Work to be completed:
From the line that contains "ABE Cablu, frana" down to the final line below, please repeat each line exactly and nothing more, with no pictures.

[Web page caption snippets]
○ ○ ○

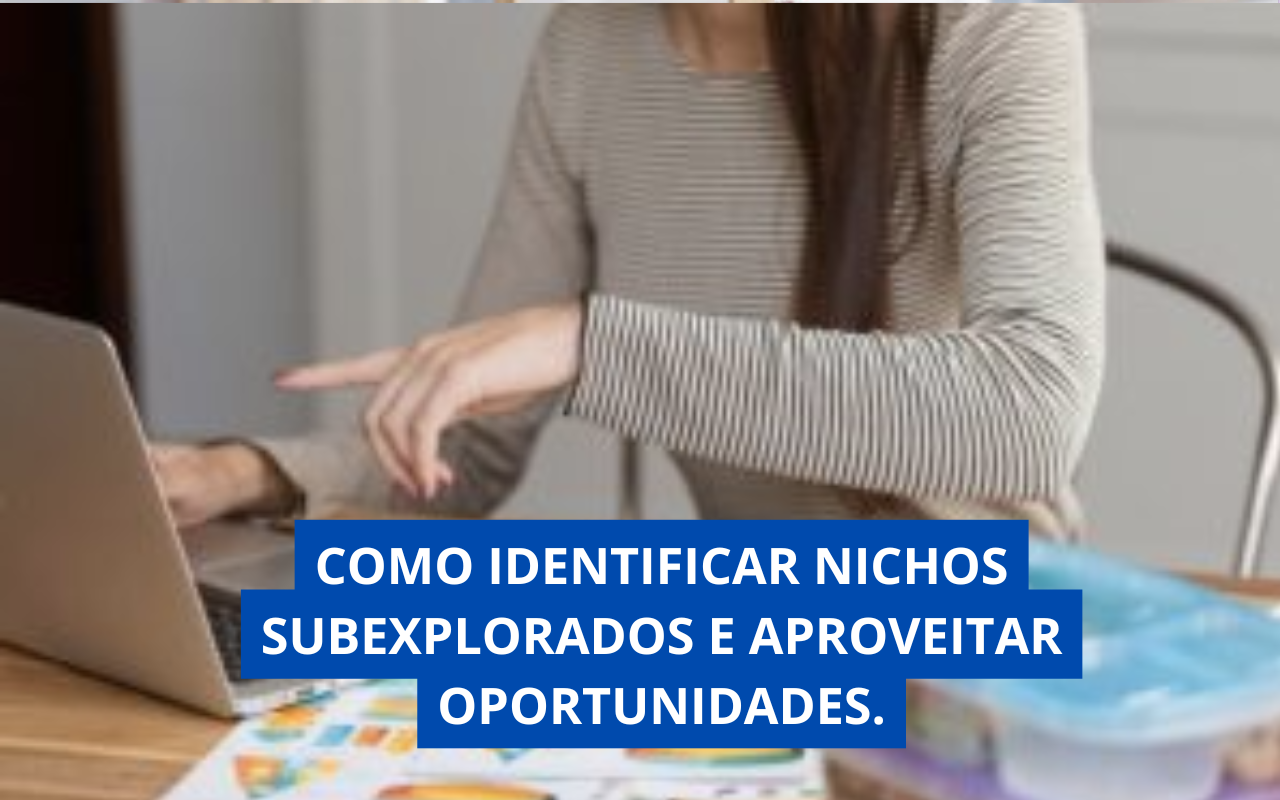 ## Como Identificar Nichos Subexplorados e Aproveitar Oportunidades Encontrar um nicho subexplorado pode ser a chave para o sucesso no mercado competitivo. Um nicho representa um segmento específico de público com necessidades e demandas que ainda não foram plenamente atendidas. Focar em um nicho permite criar soluções personalizadas e se destacar diante de concorrentes mais generalistas. Aqui estão estratégias práticas para identificar nichos subexplorados e aproveitar essas oportunidades. ### 1. Observe Tendências e Comportamentos de Consumo Acompanhe as mudanças nos hábitos e preferências do consumidor. Novas tendências frequentemente surgem em resposta a avanços tecnológicos, mudanças culturais ou necessidades não atendidas. Fique atento a mercados emergentes, como sustentabilidade, saúde e bem-estar ou soluções tecnológicas inovadoras. **Exemplo:** O crescimento da conscientização ambiental criou oportunidades para negócios que oferecem produtos ecológicos ou serviços que ajudam na redução do impacto ambiental. ### 2. Pesquise em Profundidade Use ferramentas de pesquisa para analisar dados de mercado e identificar lacunas. Google Trends, SEMrush e Ubersuggest são úteis para explorar palavras-chave relacionadas ao setor de interesse. Analise fóruns e grupos nas redes sociais para descobrir o que as pessoas estão buscando e quais problemas ainda não foram resolvidos. **Dica Prática:** Pesquise perguntas frequentes feitas por usuários em plataformas como Reddit, Quora ou mesmo nas seções de comentários de concorrentes. Isso pode revelar demandas que ainda não foram atendidas. ### 3. Explore Seus Próprios Interesses e Habilidades Às vezes, o melhor ponto de partida é olhar para o que você gosta e conhece bem. Se você tem experiência ou paixão por um assunto específico, pode identificar uma maneira de atender às necessidades de um público nichado. **Exemplo:** Alguém apaixonado por esportes pode perceber uma demanda por equipamentos ou treinos personalizados para pessoas com necessidades específicas, como iniciantes ou idosos. ### 4. Identifique Públicos Específicos Em vez de tentar atender a todos, concentre-se em um público bem definido. Idade, localização, estilo de vida, interesses ou profissões podem ser bons pontos de partida. Quanto mais específico for o grupo, mais fácil será personalizar soluções que atendam às suas demandas. **Exemplo:** Um negócio de alimentação saudável pode focar em marmitas voltadas para pessoas com restrições alimentares, como diabéticos ou celíacos. ### 5. Analise Concorrentes e Lacunas no Mercado Estude os principais players do setor e identifique áreas onde eles não estão atuando ou onde há insatisfação dos clientes. Avalie os comentários e avaliações de produtos ou serviços concorrentes para encontrar pontos fracos que você pode explorar. **Dica Prática:** Se os clientes reclamam de um atendimento demorado ou falta de personalização, oferecer um serviço mais ágil e customizado pode ser um diferencial. ### 6. Valide Suas Ideias com o Público-Alvo Antes de investir tempo e recursos em um nicho, valide sua ideia com pessoas reais. Crie pesquisas, realize entrevistas ou teste um Produto Mínimo Viável (MVP) para avaliar o interesse e o potencial do mercado. O feedback inicial ajuda a ajustar a proposta e aumentar as chances de sucesso. **Exemplo:** Uma startup pode lançar uma versão beta de um aplicativo ou vender um lote limitado de produtos para avaliar a aceitação do público. ### 7. Monitore Mercados Internacionais O que está funcionando bem em outros países pode ser uma oportunidade no seu mercado local. Pesquise tendências globais e avalie como adaptá-las à realidade do seu público. **Exemplo:** Negócios de assinatura, como clubes de vinhos ou caixas de snacks saudáveis, começaram em mercados internacionais e ganharam espaço rapidamente em outros países. ### 8. Invista em Diferenciação Após identificar um nicho, foque em criar uma proposta de valor clara que destaque o que você oferece. Pode ser a personalização, atendimento excepcional, inovação no produto ou exclusividade. Diferenciação é o que tornará seu negócio mais atrativo do que as opções genéricas disponíveis. **Exemplo:** Uma marca de roupas pode se especializar em peças sob medida para pessoas de estatura acima da média, criando uma solução personalizada para um público específico. ### 9. Utilize Dados para Tomar Decisões Acompanhe métricas e indicadores para medir a viabilidade do nicho. Dados sobre volume de busca, potencial de vendas e tamanho do público-alvo ajudam a entender o impacto da sua ideia no mercado. **Dica Prática:** Ferramentas como Google Analytics ou plataformas de e-commerce fornecem dados valiosos sobre o comportamento do público e suas preferências de consumo. ### 10. Esteja Preparado para Ajustar Nem todas as ideias iniciais terão sucesso imediato, mas ajustes e melhorias constantes aumentam as chances de consolidar o negócio. Fique atento ao feedback dos clientes e às mudanças nas necessidades do mercado, adaptando sua oferta sempre que necessário. **Exemplo:** Uma loja online pode expandir seu catálogo ou ajustar preços com base no retorno dos primeiros compradores. ### Conclusão Identificar e explorar nichos subexplorados é uma estratégia poderosa para se destacar no mercado. Ao observar tendências, estudar concorrentes, validar ideias e oferecer soluções diferenciadas, você pode atender a demandas específicas e conquistar um público fiel. Com pesquisa e adaptação, o sucesso no segmento escolhido será uma questão de tempo e dedicação.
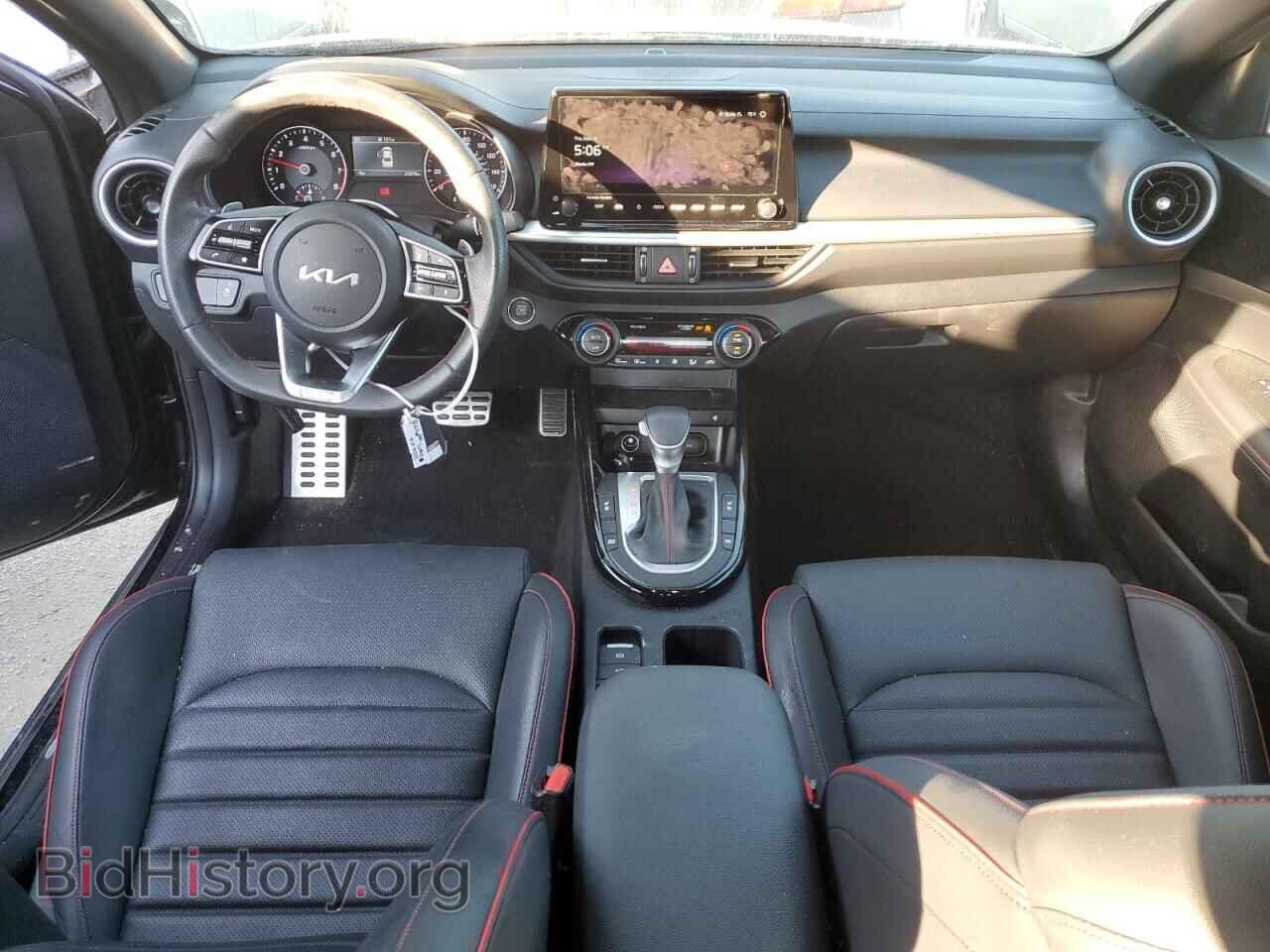 2024 KIA FORTE - VIN: 3KPF44AC8RE795186 - Фото 8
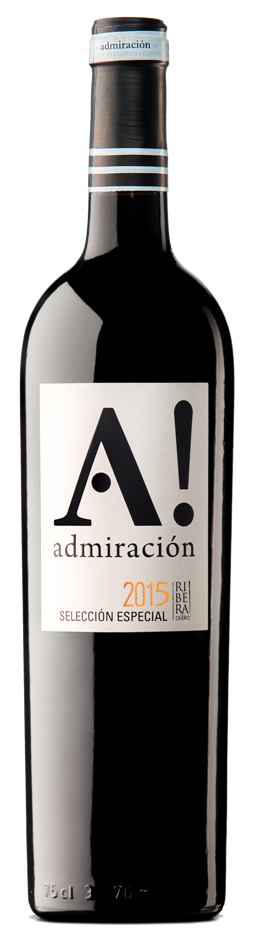A! Admiración 2015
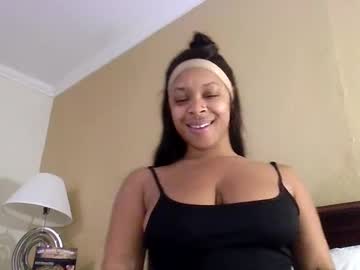 Sweetnina0925 January 26, 2025 Chaturbate stream image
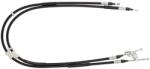 ABE Cablu, frana de parcare ABE C7X005ABE (C7X005ABE) - fixbox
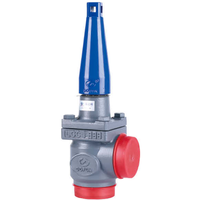 Katup oprorasi Manual pendingin amonia DN40 DN15 DN20 DN25 DN32 DN50 DN65 DN80 DN100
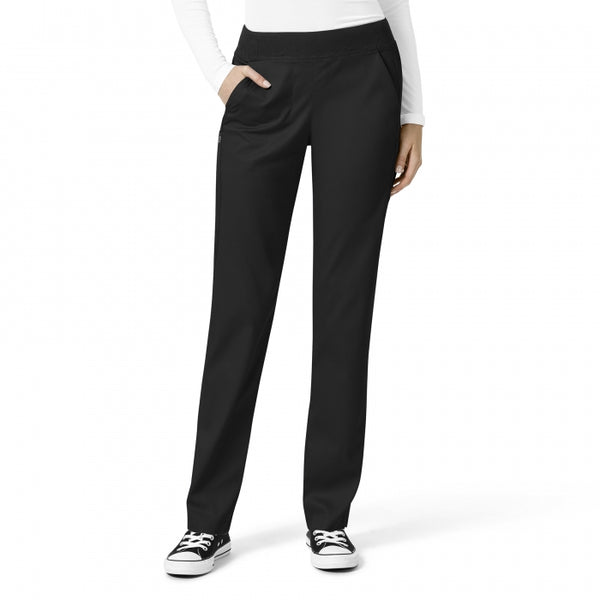 5419 - WONDERWINK PRO WOMEN'S KNIT WAIST CARGO PANT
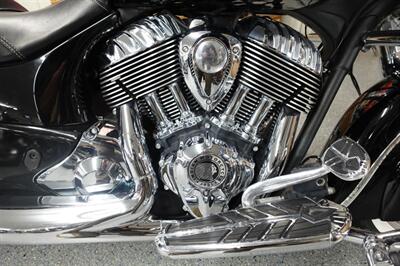 2020 Indian Chief Vintage   - Photo 34 - Kingman, KS 67068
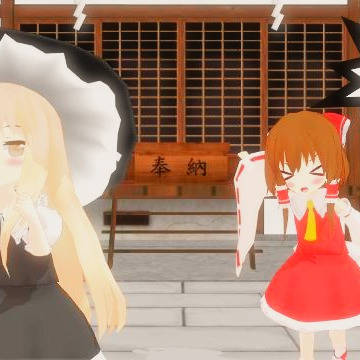 おちびちゃん達の思い出 1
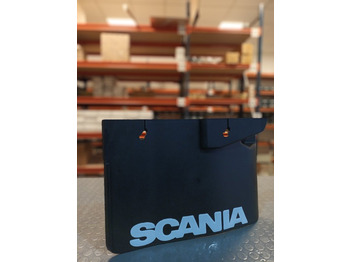 Крыло SCANIA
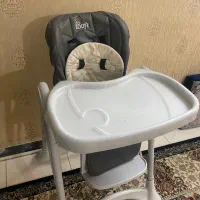 صندلی کودک مارک زویه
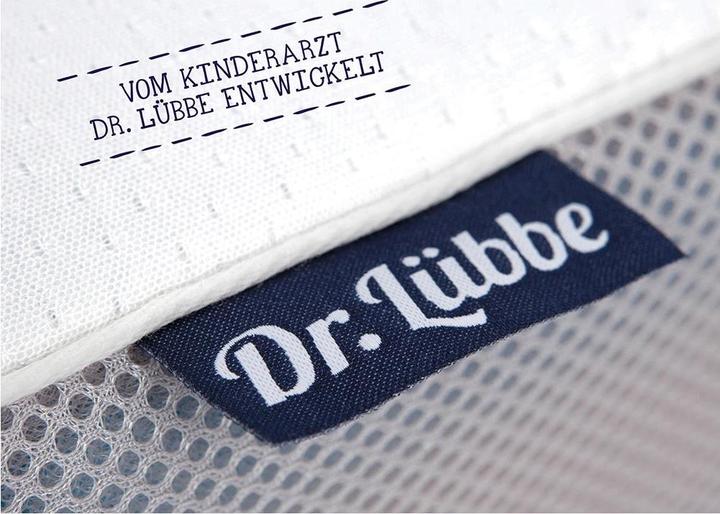 Actual product image Julius Zöllner Dr. Lübbe Air Premium (70 x 140 cm)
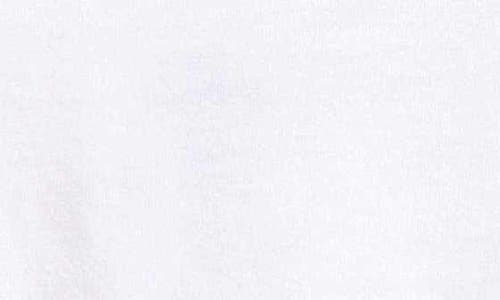 Nordstrom Kids' Long Camisole (little Kid & Big Kid)<br /><br /> In White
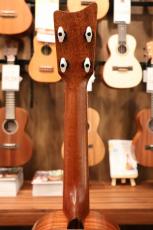 Kamaka 【美しい虎目・ふくよかな低音】HF-2  #250141【送料当社負担・最大48回分割無金利】_7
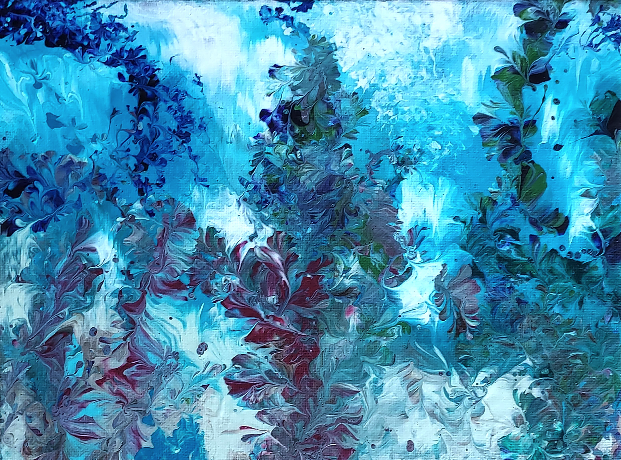 Fairy Fronds 01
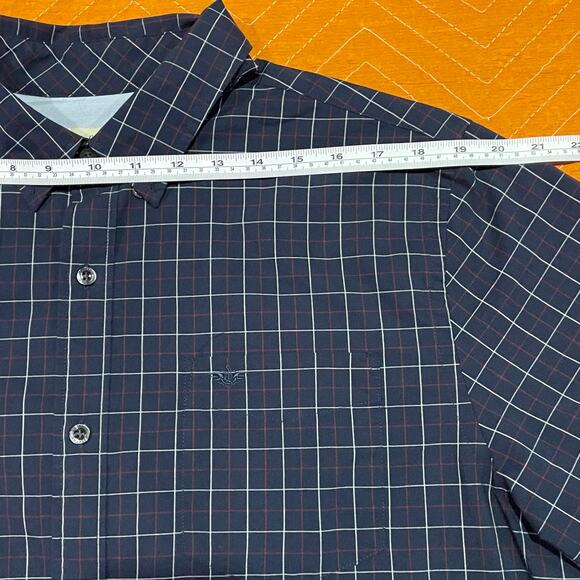 Dockers Button Down Shirt - Picture 5 of 8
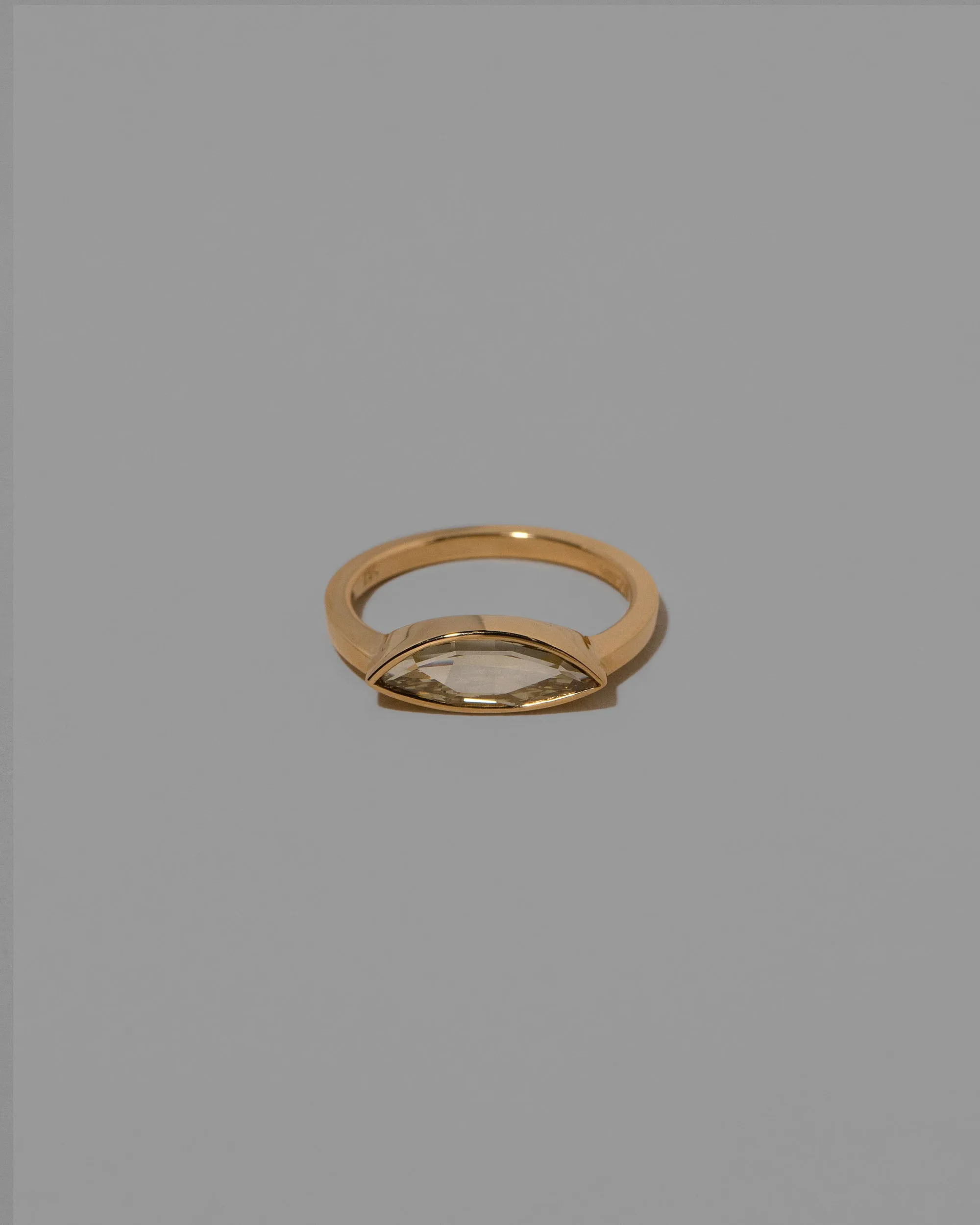 Tenderness Ring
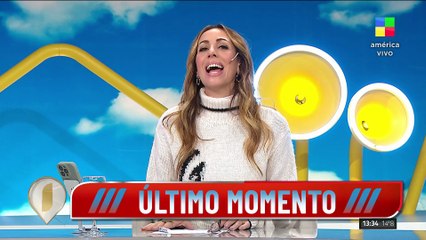 El peor día del padre de Mauro Icardi por culpa de Wanda Nara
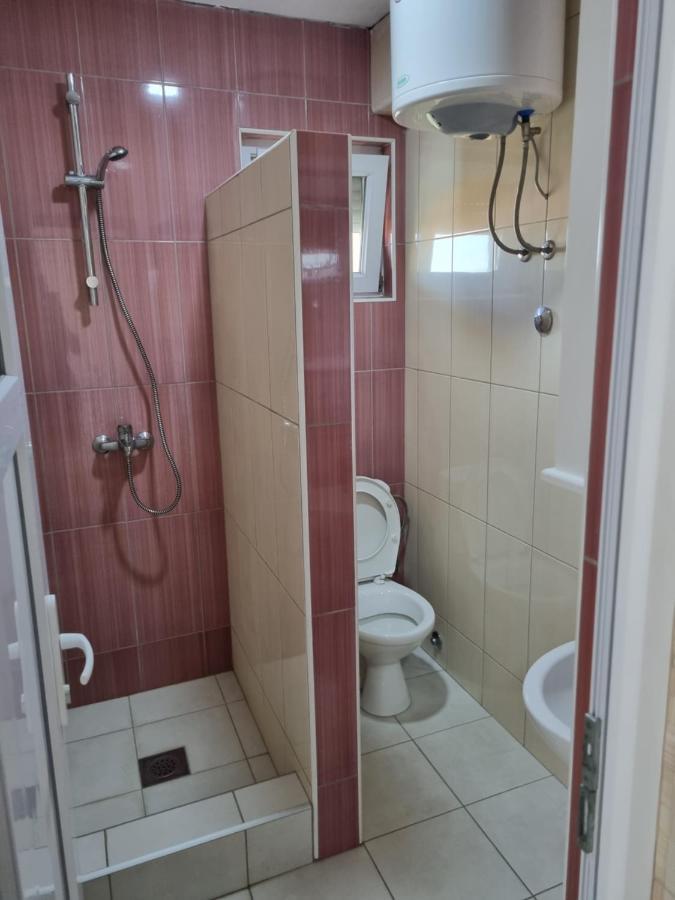 Apartmani Ani Bar Bagian luar foto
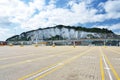 Ferry Port Dover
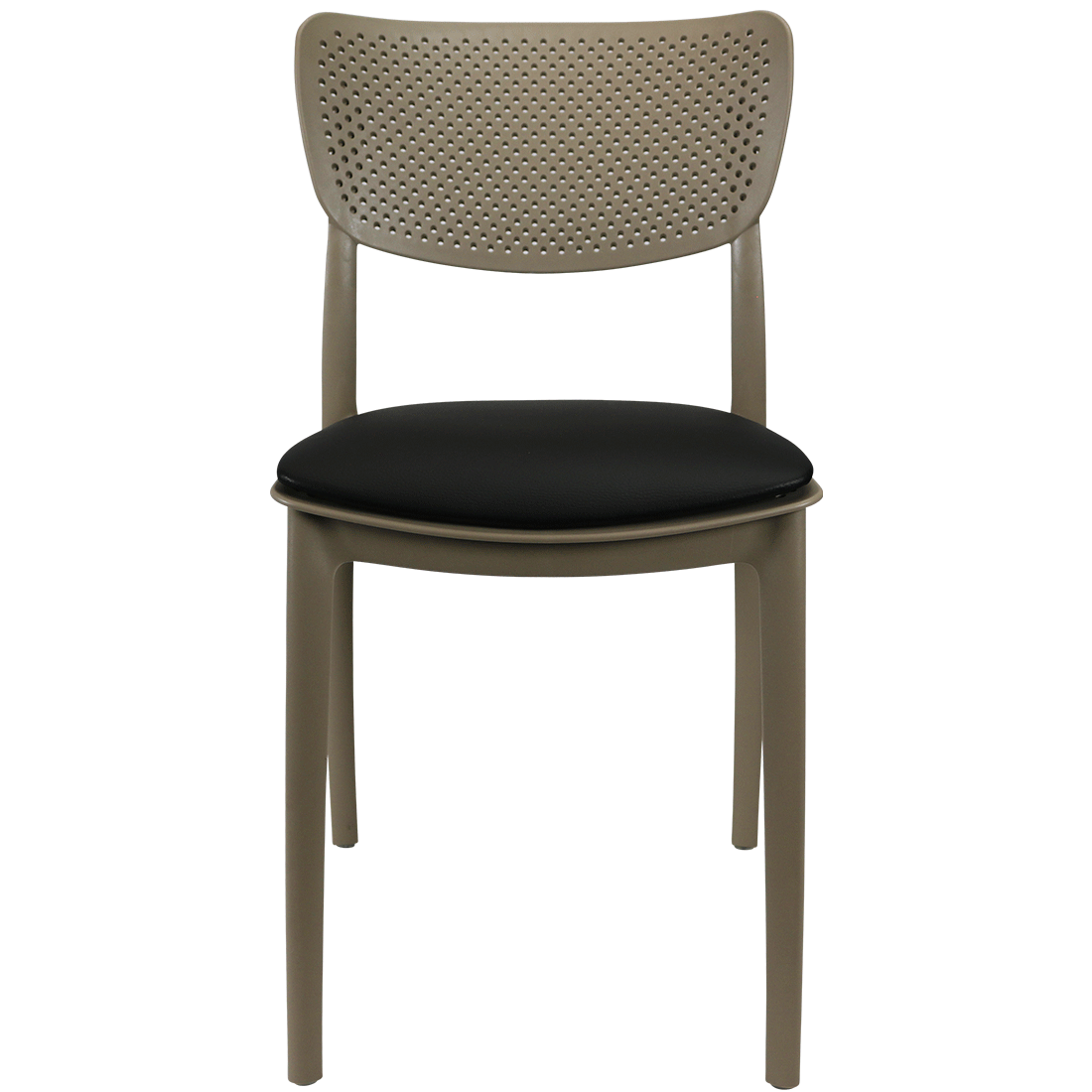 Lucy Cushion Chair - switchoffice.com.au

○ ○ ○

Solution to this problem:
 ABE Cablu, frana de parcare ABE C7X005ABE (C7X005ABE) - fixbox
 Katup oprorasi Manual pendingin amonia DN40 DN15 DN20 DN25 DN32 DN50 DN65 DN80 DN100
 5419 - WONDERWINK PRO WOMEN'S KNIT WAIST CARGO PANT
 2020 Indian Chief Vintage   - Photo 34 - Kingman, KS 67068
 おちびちゃん達の思い出 1
 Крыло SCANIA
 صندلی کودک مارک زویه
 Actual product image Julius Zöllner Dr. Lübbe Air Premium (70 x 140 cm)
 Nordstrom Kids' Long Camisole (little Kid & Big Kid)<br /><br /> In White
 Kamaka 【美しい虎目・ふくよかな低音】HF-2  #250141【送料当社負担・最大48回分割無金利】_7
 Fairy Fronds 01
 Dockers Button Down Shirt - Picture 5 of 8
 Tenderness Ring
 El peor día del padre de Mauro Icardi por culpa de Wanda Nara
 Apartmani Ani Bar Bagian luar foto
 Ferry Port Dover
 Lucy Cushion Chair - switchoffice.com.au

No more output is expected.